- TO DO -
Below are some records. Count the lines with "Size" in them and give nothing but the total.

- TASK INPUTS -
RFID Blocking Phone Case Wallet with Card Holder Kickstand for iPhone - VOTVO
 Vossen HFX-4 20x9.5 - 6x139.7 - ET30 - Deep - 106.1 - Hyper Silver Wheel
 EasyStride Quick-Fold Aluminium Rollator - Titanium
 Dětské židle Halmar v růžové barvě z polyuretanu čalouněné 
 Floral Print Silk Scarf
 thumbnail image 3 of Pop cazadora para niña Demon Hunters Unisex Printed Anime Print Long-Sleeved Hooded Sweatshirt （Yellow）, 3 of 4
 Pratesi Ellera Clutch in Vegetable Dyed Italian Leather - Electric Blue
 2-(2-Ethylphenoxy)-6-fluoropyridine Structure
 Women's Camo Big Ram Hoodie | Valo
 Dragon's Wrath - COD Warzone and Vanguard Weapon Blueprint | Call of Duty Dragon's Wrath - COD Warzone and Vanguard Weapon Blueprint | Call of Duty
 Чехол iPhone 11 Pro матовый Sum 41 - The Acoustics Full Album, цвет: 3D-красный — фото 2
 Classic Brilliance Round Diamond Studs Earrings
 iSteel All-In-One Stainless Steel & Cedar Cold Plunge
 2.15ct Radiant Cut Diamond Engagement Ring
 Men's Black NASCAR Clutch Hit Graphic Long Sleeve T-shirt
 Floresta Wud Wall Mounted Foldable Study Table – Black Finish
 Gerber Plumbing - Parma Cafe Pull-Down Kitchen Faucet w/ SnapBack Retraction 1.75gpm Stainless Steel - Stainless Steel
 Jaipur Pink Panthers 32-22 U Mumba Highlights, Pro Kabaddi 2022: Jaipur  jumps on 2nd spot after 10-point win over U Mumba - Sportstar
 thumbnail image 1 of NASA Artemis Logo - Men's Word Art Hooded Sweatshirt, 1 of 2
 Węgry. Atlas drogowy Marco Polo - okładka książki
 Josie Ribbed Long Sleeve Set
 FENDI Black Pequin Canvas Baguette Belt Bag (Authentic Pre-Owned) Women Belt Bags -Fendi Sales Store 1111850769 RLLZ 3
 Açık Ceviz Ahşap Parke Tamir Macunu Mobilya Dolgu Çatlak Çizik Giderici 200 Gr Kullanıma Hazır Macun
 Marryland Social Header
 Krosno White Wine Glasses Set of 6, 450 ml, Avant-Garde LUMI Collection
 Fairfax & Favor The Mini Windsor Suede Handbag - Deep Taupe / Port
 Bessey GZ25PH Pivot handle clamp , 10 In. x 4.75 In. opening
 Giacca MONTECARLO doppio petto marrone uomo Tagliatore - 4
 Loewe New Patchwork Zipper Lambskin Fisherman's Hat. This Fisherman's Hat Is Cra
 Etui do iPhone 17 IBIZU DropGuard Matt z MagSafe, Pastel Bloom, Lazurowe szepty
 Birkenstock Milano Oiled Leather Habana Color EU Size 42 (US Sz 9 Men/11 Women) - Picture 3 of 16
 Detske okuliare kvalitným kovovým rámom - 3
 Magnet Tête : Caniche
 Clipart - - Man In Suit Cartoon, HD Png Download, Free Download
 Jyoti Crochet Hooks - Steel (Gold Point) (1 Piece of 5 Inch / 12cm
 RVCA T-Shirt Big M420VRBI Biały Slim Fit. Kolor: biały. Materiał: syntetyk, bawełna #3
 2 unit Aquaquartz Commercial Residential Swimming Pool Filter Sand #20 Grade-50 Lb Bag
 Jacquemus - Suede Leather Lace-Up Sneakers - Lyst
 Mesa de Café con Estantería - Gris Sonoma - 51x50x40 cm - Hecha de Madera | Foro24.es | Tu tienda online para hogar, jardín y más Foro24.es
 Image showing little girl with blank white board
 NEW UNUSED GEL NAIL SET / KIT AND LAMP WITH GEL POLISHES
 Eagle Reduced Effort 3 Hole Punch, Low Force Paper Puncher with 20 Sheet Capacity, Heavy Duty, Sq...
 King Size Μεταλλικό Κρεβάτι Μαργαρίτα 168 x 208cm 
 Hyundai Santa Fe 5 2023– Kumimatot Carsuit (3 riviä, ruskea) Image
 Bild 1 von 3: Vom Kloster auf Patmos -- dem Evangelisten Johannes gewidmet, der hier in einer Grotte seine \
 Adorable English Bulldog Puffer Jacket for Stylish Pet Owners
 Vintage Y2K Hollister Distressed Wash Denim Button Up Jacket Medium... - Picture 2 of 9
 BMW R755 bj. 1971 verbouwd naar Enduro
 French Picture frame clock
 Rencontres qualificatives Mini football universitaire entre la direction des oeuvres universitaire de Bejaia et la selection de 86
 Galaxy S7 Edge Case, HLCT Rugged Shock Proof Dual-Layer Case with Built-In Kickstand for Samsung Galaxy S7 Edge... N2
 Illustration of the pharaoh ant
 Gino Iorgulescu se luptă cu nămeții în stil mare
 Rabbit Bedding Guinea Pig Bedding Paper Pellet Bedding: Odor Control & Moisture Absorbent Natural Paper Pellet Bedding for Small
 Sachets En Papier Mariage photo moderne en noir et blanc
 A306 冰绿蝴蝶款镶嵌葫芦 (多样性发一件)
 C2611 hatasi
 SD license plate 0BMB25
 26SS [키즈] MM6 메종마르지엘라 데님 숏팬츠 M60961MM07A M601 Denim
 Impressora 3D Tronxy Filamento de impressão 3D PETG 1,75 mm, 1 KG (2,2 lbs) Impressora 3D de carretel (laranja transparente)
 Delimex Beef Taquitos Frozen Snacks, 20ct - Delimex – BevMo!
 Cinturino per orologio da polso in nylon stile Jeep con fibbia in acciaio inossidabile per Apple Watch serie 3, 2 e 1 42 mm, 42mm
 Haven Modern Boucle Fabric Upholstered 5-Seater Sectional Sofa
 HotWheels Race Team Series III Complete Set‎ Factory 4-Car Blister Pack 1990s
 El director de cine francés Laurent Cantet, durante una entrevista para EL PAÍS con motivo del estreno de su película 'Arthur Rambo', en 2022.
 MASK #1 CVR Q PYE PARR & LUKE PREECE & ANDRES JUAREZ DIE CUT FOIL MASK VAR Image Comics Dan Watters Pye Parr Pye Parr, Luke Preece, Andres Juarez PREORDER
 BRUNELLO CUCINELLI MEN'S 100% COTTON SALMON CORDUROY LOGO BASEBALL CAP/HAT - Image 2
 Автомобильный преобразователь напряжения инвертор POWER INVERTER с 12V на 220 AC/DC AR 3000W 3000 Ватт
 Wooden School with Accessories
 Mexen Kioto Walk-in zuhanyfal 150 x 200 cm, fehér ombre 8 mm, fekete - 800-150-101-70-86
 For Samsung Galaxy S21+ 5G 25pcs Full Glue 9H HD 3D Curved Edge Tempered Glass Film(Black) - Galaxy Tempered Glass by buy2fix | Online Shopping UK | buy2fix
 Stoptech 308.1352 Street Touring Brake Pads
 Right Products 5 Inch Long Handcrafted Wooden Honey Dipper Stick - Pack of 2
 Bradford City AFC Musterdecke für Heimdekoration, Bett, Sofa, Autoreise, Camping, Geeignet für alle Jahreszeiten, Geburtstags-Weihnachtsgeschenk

- RESULT -
2